A lot of practice I go into there's this divide. The PTs are over here and the administrators are over here. What I like to do is build that bridge and say that if we don't have both clicking at the highest level, this practice won't be at its highest level. It's like having your offense and defense in sync. You could have a great defense but you don't have a quarterback making points. I believe in investing in the clinical benchmarks as well as the administrative benchmarks.

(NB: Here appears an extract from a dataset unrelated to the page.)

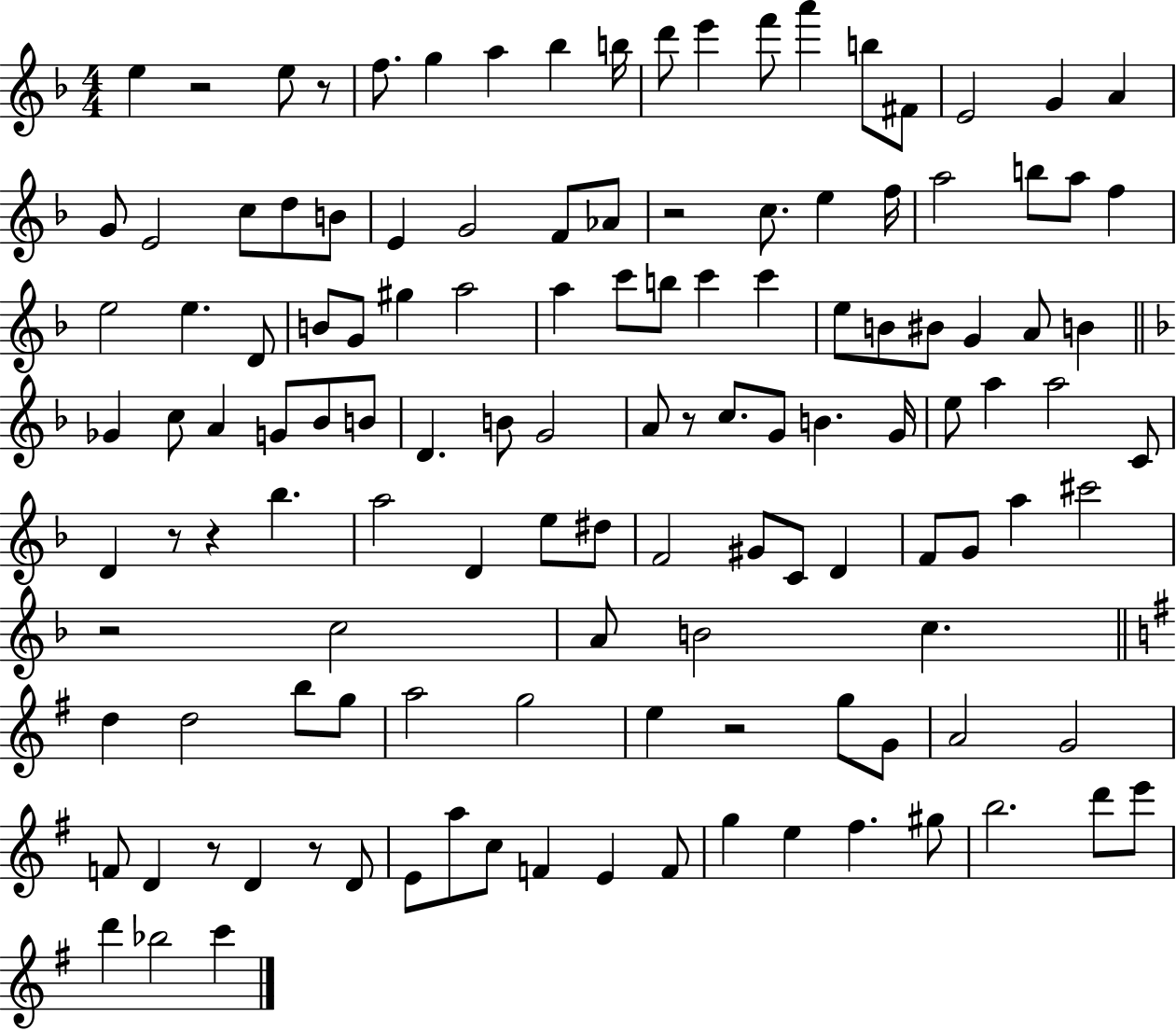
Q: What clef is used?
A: treble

The clinical benchmarks are going to be easier for owners to come up with. They're pretty obvious. What are some examples of administrative benchmarks that PT owners need to be aware of? They might feel a little uncomfortable to weight into that space because they don't know as much. What are some benchmarks they can use to hold their administrative team accountable?

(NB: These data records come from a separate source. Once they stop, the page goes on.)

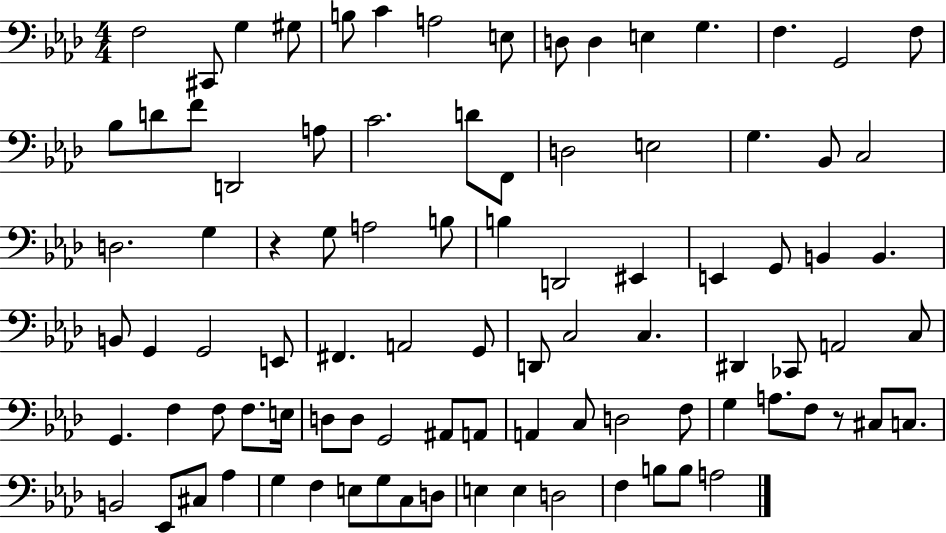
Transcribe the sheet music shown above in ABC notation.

X:1
T:Untitled
M:4/4
L:1/4
K:Ab
F,2 ^C,,/2 G, ^G,/2 B,/2 C A,2 E,/2 D,/2 D, E, G, F, G,,2 F,/2 _B,/2 D/2 F/2 D,,2 A,/2 C2 D/2 F,,/2 D,2 E,2 G, _B,,/2 C,2 D,2 G, z G,/2 A,2 B,/2 B, D,,2 ^E,, E,, G,,/2 B,, B,, B,,/2 G,, G,,2 E,,/2 ^F,, A,,2 G,,/2 D,,/2 C,2 C, ^D,, _C,,/2 A,,2 C,/2 G,, F, F,/2 F,/2 E,/4 D,/2 D,/2 G,,2 ^A,,/2 A,,/2 A,, C,/2 D,2 F,/2 G, A,/2 F,/2 z/2 ^C,/2 C,/2 B,,2 _E,,/2 ^C,/2 _A, G, F, E,/2 G,/2 C,/2 D,/2 E, E, D,2 F, B,/2 B,/2 A,2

Some easy ones right off the bat are collections at the front desk. What is your collection rate at the front desk? How are we holding them accountable for that? What are those matrices? Another one is days outstanding. What's the turnaround time to get paid? You see the visit. You get the bill back as a paid reimbursed service. What's that timeline? Can we shrink that or turnaround of money? What is our documentation timeline? How long does it take for a documented visit to get turned into a claim and build out? You've got denial rates. What is your denial rate? How fast are you turning around those explanations of benefit? If you get them on Monday, do they sit for 60 days?

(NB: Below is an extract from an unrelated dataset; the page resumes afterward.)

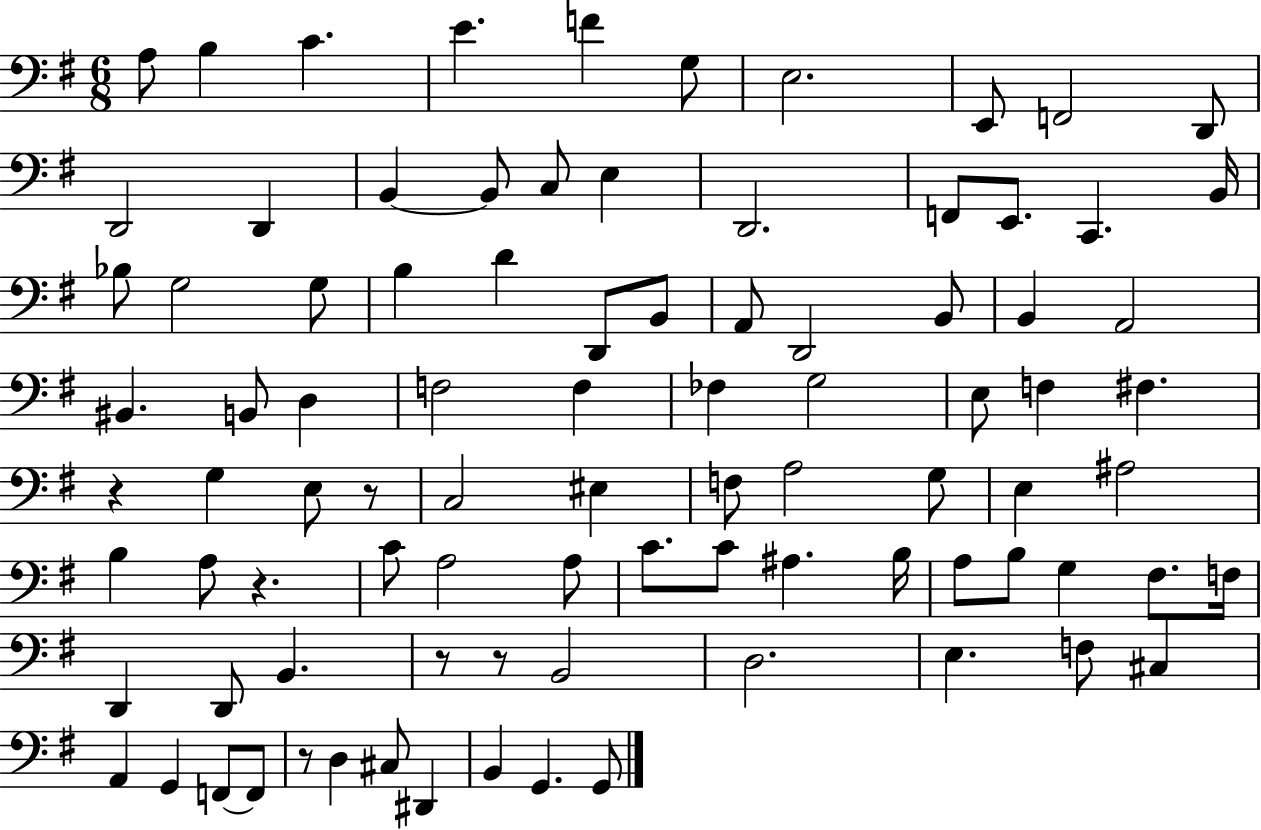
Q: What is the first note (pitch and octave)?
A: A3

These kinds of things are great. Plus, it gives you an opportunity to evaluate that team member that does those skills. Some people say, "How do I find an administrator? How do I know if they're doing well?" If you're not putting goals out there and benchmarks, you don't know. Those are some things that I encourage practice owners to invest in, to look at and to be very critical. If you can measure it, you can put a goal to it. If you're out there measuring things with your practice, you can set goals up for that teammate who's responsible for it.
I might be getting ahead of myself but I want to talk about how do owners do this, especially those that might be treating a lot. Where do they find the time? How do I find the time to do all this stuff? I think it's essential for them to recognize that as the owners and as leaders, it's their responsibility to take the time and set the time aside rather than treat that patient to do these things for the behalf of the business.
They can't make somebody do something and they don't have to. You can continue to treat and you can continue to have a practice but maybe that practice won't grow as fast or as well as maybe you want. If you want growth, you've got to invest in planting. You've got to invest in watering. You've got to water your staff. It's like any garden. You got to put fertilizer on there. Sometimes that feedback maybe isn't what they want to hear but you got to do the hard stuff. You do have to carve out time. If you want to grow and you want to have a staff, it's going to take time. It has to be your time as the practice owner. That's one thing you can't delegate out.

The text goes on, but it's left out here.